Application: Number/Geometry

Section 1.8 Application: Number/Geometry

Objective: Solve number and geometry problems by creating and solving a linear equation.

Word problems can be tricky. Often it takes a bit of practice to convert the English sentence into a mathematical sentence. This is what we will focus on here with some basic number problems, geometry problems, and parts problems.

A few important phrases are described below that can give us clues for how to set up a problem.

A number (or unknown, a value, etc) often becomes our variable
Is (or other forms of is: was, will be, are, etc) often represents equals ($=$): "$x $ is $5 $" becomes $x=5 $
More than often represents addition and is usually built backwards, writing the second part plus the first: "Three more than a number" becomes $x+3 $
Less than often represents subtraction and is usually built backwards as well, writing the second part minus the first: "Four less than a number" becomes $x-4 $

Using these key phrases, we can take a number problem and set up an equation to solve.

Example 1.8.1.

If $28$ less than five times a certain number is $232\text{.}$ What is the number?

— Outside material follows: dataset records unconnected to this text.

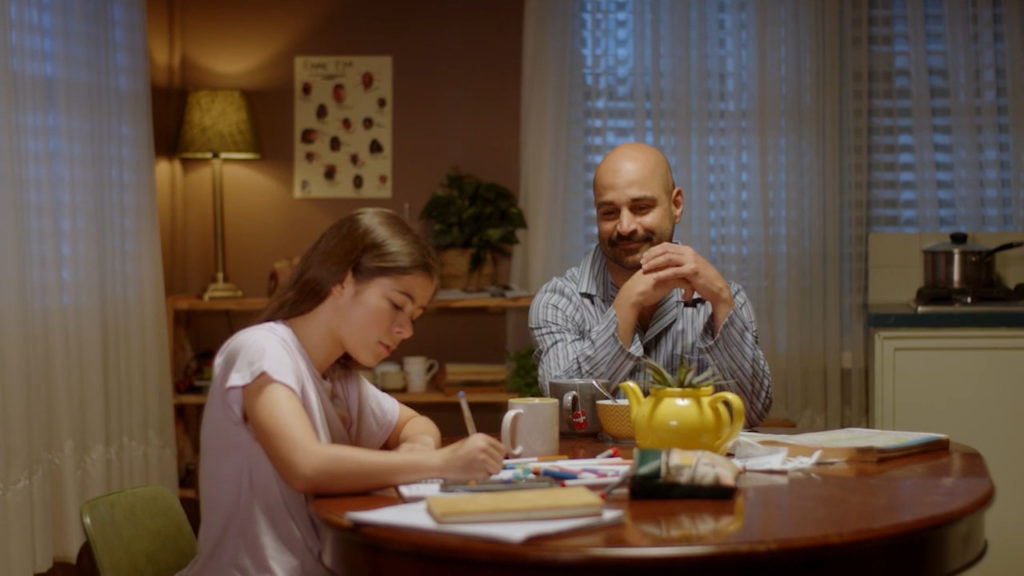A father and daughter sit at a kitchen table together. The father looks on proudly as his daughter does her homework.
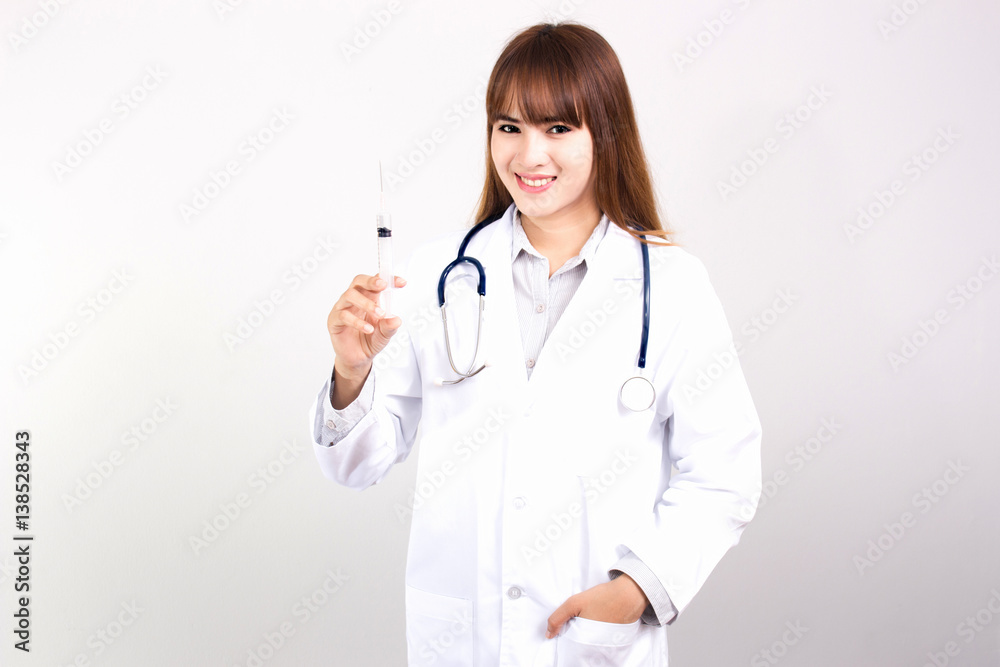 Young Asian female doctor with mask hold syringe isolated on white background. Young Asian female doctor with mask hold syringe isolated on white background.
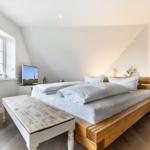 Bedroom with wooden bed, window, and TV.
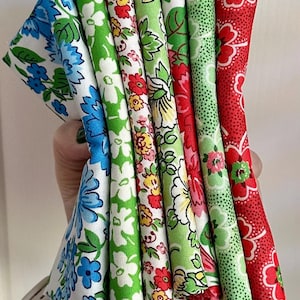 May include: A selection of floral fabric bundles in various colours. The fabrics display patterns of blue, green, red, and yellow flowers on a white background. The bundles are held together, displaying the range of designs.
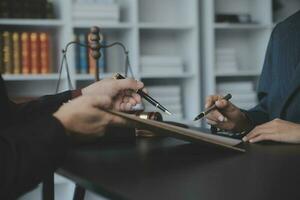 Business and lawyers discussing contract papers with brass scale on desk in office. Law, legal services, advice, justice and law concept picture with film grain effect photo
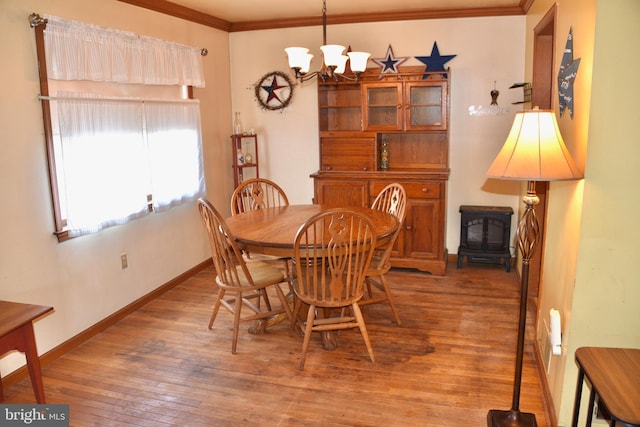 dining room featuring baseboards, hardwood / wood-style flooring, a wood stove, crown molding, and a chandelier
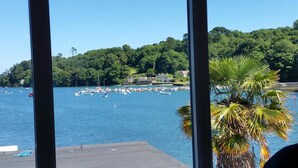 A marina with boats docked, a clear blue sky, and a forested hillside in the background. - Mandeley Guest House (Helston)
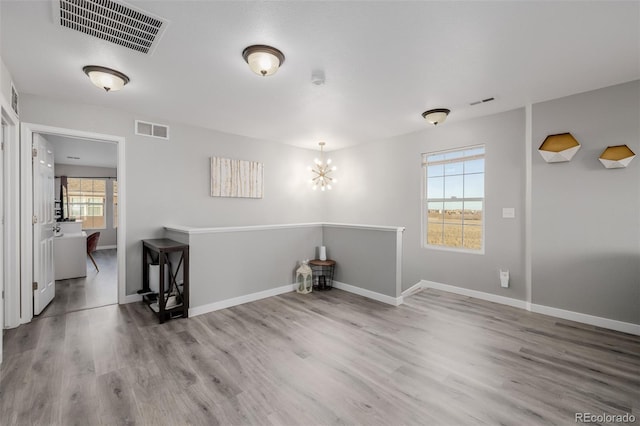 empty room with a chandelier, hardwood / wood-style floors, and a healthy amount of sunlight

\begin{align*} 5x-28 \amp \quad \text{Subtraction is built backwards, multiply the unknown by $5$} \\ 5x-28=232 \amp \quad \text{Is translates to equals} \\ +28 +28 \amp \quad \text{Add $28$ to both sides} \\ 5x=260\amp \quad \text{The variable is multiplied by $5$} \\ \frac{5x}{5} = \frac{260}{5} \amp \quad \text{Divide both sides by $5$} \\ x = 52\amp \quad \text{The number is $52$} \end{align*}

This same idea can be extended to a more involved problem as shown in the next example.

Example 1.8.2.

Fifteen more than three times a number is the same as ten less than six times the number. What is the number?

\begin{align*} 3x+15 \amp \quad \text{First, addition is built backwards} \\ 6x-10 \amp \quad \text{Then, subtraction is also built backwards} \\ 3x+15=6x-10 \amp \quad \text{Is between the parts tells us they must be equal} \\ -3x \qquad -3x \qquad \amp \quad \text{Subtract $3x$ so variable is all on one side} \\ 15=3x-10 \amp \quad \text{Now we have a two-step equation} \\ +10\qquad+10 \amp \quad \text{Add $10$ to both sides} \\ 25=3x \amp \quad \text{The variable is multiplied by $3$} \\ \frac{25}{3}=\frac{3x}{3} \amp \quad \text{Divide both sides by $3$} \\ \frac{25}{3}=x \amp \quad \text{Our number is $\frac{25}{3}$} \end{align*}

Another type of number problem involves consecutive numbers. Consecutive numbers are numbers that come one after the other, such as $3\text{,}$ $4\text{,}$ $5\text{.}$ If we are looking for several consecutive numbers, it is important to first identify what they look like with variables before we set up the equation. This is shown in the following example.

Example 1.8.3.

The sum of three consecutive integers is $93\text{.}$ What are the integers?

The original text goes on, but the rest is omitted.